Ma ritorniamo alla geografia. Il pacco americano allargò smisuratamente i miei orizzonti conoscitivi, e arrivai al concetto di mondo poco prima di iniziare le scuole, finalmente legittimo proprietario del fiocco tricolore. Intanto, la cartina della cucina si era come rimpicciolita e invecchiata, perciò sfigurando di lato al Calendario di Frate Indovino; ma bisogna pur dire che quest’ultimo aveva il notevole vantaggio di essere rinnovato ogni anno, mentre la cartina rimaneva sempre quella. E’ molto probabile che dovetti pensare anche ad un eventuale rinnovamento dell’Italia appesa al muro, ma evidentemente non ci riuscii per mancanza di mezzi; perciò, la mia Italia, oltre che lunga, storta e piena di parole, rimase anche ingiallita e malandata; per questo, ancora oggi, quando sento dire che l’Italia non cambia mai non m’indigno ma m’intenerisco: in fondo, l’unica Italia che amo veramente è quella della mia vecchia cartina.           

Un giorno, il maestro ci disse che l’Italia aveva la forma di uno stivale. Compresi e apprezzai la somiglianza, ma al contempo obiettai che essa escludeva irrimediabilmente la Sicilia e la Sardegna, per non parlare delle isole minori. I compagni di classe condivisero i miei dubbi, ragion per cui il maestro fu ancora meno felice dell’osservazione: la prese come un attentato alla sua autorità. Ma siccome era un uomo accomodante e concreto esclamò: “Ma che ci azzecca!” L’espressione ebbe un effetto oratorio formidabile, perché i compagni di classe scoppiarono in una risata, io mi trovai in nettissima minoranza e il maestro si riprese con gli interessi la sua autorità. Da quella volta imparai che quando uno dice ma-che-ci-azzecca significa che ha vinto lui, e che è venuto il momento di cambiare argomento.

Ma noi non cambiamo argomento, e diciamo che quella di allora era un’altra Italia, era come un’immensa bandiera dai colori vivaci e puliti, anche se si lavava tutto a mano e col sapone Scala. E questo immenso drappo, profumato di bucato, avevo la sensazione che mi avvolgesse e mi tingesse tricolore la pelle e anche sotto la pelle: stavo assorbendo l’orgogliosa coscienza di essere italiano.

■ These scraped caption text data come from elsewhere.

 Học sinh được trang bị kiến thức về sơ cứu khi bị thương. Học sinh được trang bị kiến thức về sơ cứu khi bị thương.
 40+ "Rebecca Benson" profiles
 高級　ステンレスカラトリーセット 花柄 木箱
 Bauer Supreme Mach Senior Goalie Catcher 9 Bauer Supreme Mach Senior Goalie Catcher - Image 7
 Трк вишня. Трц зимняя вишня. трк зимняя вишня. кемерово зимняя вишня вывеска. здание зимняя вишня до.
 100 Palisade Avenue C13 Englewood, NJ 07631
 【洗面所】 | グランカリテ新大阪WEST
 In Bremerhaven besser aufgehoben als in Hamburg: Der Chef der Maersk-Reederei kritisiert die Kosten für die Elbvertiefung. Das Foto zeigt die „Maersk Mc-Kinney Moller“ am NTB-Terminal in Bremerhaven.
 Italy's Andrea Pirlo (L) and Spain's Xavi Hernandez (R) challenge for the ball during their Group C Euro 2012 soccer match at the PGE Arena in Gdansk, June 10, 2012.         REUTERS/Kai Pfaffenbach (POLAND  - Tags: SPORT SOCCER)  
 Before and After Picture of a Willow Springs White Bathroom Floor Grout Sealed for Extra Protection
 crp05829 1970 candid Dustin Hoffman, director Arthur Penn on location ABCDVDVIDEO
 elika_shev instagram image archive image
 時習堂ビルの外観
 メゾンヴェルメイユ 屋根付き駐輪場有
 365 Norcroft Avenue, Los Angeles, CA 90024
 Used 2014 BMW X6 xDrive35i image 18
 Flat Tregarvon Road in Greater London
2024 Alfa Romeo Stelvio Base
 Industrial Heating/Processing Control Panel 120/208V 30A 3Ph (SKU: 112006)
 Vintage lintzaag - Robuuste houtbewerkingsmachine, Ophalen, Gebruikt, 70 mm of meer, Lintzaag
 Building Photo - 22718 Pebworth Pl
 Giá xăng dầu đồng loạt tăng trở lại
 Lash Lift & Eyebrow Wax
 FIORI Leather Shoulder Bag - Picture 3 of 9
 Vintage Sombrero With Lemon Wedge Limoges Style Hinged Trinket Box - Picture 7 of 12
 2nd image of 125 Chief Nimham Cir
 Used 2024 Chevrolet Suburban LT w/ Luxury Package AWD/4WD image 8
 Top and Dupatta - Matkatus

E l’orgoglio subì uno straordinario impulso quando appresi che in un passato non remoto avevamo combattuto due guerre di quelle grandi: la prima contro gli austriaci; e che li avessimo stracciati me lo spiegavo facilmente confrontando l’estensione geografica dell’Austria con quella dell’Italia. Ma l’inferiorità territoriale e demografica del nemico non mitigò in me l’odio marziale: con sconfortante delusione appresi che una partita di calcio fra le due nazionali si era conclusa con un pareggio a reti inviolate e non, come auspicavo, con uno spargimento di sangue asburgico.

Per quanto riguarda la seconda delle nostre grandi guerre, in tutti gli anni di scuola non riuscii mai a saperne il risultato finale. Dovetti raggiungere la maggiore età per apprendere che, da un certo punto di vista, avevamo vinto pure quella; anzi, siccome quel punto di vista teme che potremmo dimenticarcelo, ogni anno la rifacciamo e la rivinciamo: basta aspettare che arrivi il Venticinque aprile.